What are your expectations for 2012?
I’d say we’re hoping for the best and planning for the worst. There have been some encouraging signs in the past few months: Consumer confidence is on an uptick, and unemployment is down a bit. But some of the key concerns about the more general economy are still there. We continue to get shocks to the system, whether from Europe or the States, and to some extent that will continue. It’s hard to predict their impact, so we have to be prepared for more uncertainty.
What led to TM winning the Captain D’s account, and are you pursuing any marketing efficiencies with Grandy’s?
What put TM ahead of the competition was their strong strategic foundation. Their pitch included their own consumer research, and their initial thoughts on our positioning lined up with what I thought as well. They were the best fit for us, particularly in an environment where we’re not just looking to break through with new messaging, but also to define fertile ground for our brand to stand upon and follow through for years to come.
For now, Grandy’s is totally separate from Captain D’s [in terms of marketing], but over time there will be opportunities for efficiencies.
You’re coming from Burger King to a much smaller chain with a more narrowly focused menu. How does your experience inform what you want to do with Captain D’s?

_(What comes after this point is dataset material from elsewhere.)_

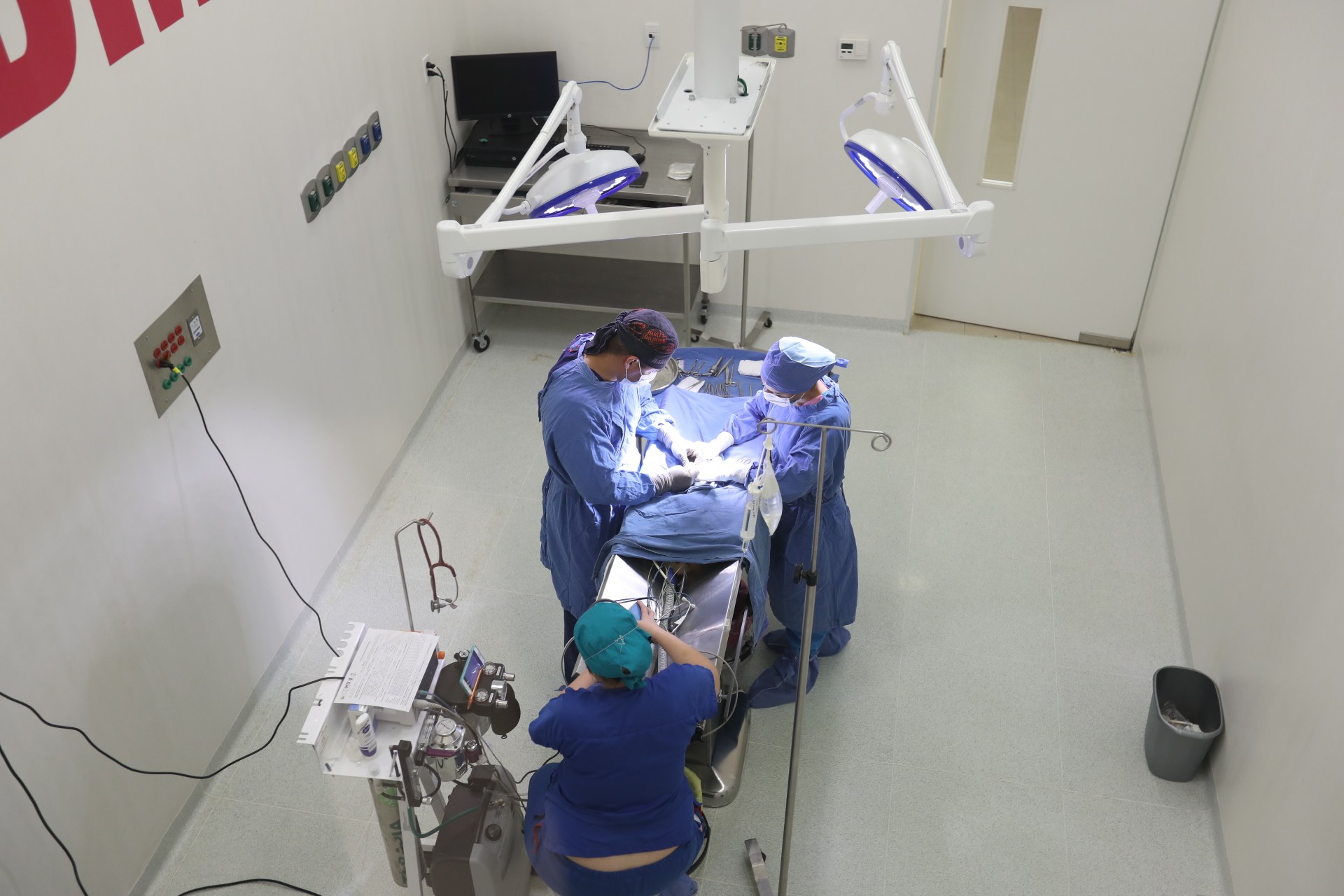 Chirurgen führen einen Eingriff an einem Patienten in einem Operationssaal durch, mit medizinischer Ausrüstung an einer Wand links und einem Objekt auf dem Boden rechts.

The two brands are very different in terms of product offering and brand positioning. However, my experiences with Burger King, Smoothie King and consulting have given me a foundation for what it takes to successfully market a restaurant. I came here and saw that we were lacking a few things, like really strong processes behind our strategic planning, positioning, consumer insights and new product development. There had been some successes in new product introductions and marketing promotions, but there had also been a lot of misses, largely due to a lack of strategic planning and the process by which you test and vet ideas to pull out the winners.
Captain D’s “Four for $4.99” meals are an aggressive value offering. Is the name of the game in 2012 value-driven traffic, or is the brand also considering some average-check-building items and promotions?
It’s the balance between the two that causes us to have long-term success. We’ll need a strong value proposition, but I’ve always believed that value doesn’t come at just one price point. We need that attractive lower-priced offering as part of the annual marketing calendar, but we have a great opportunity to offer incredible values with more premium products.
Our brand strengths come out to be our cooked-to-order meals, perceptions as a sit-down place and expertise in seafood. With those brand attributes, offering an attractive price point makes it all the more appealing when we’re already a trusted source.
What are your plans for social media in the near future?
As I look at our social initiatives now, we’re doing the very basics. We have a presence on Facebook and have grown our “likes” by 300 percent over the past year. But it’s still at a relatively low number for our industry. There’s still a lot of upside for digital media. People are spending more time online through mobile and traditional computers, and we’re under-tapped there in terms of our marketing spend. It’s a key initiative for my team to unlock this potential and go about it in the right way.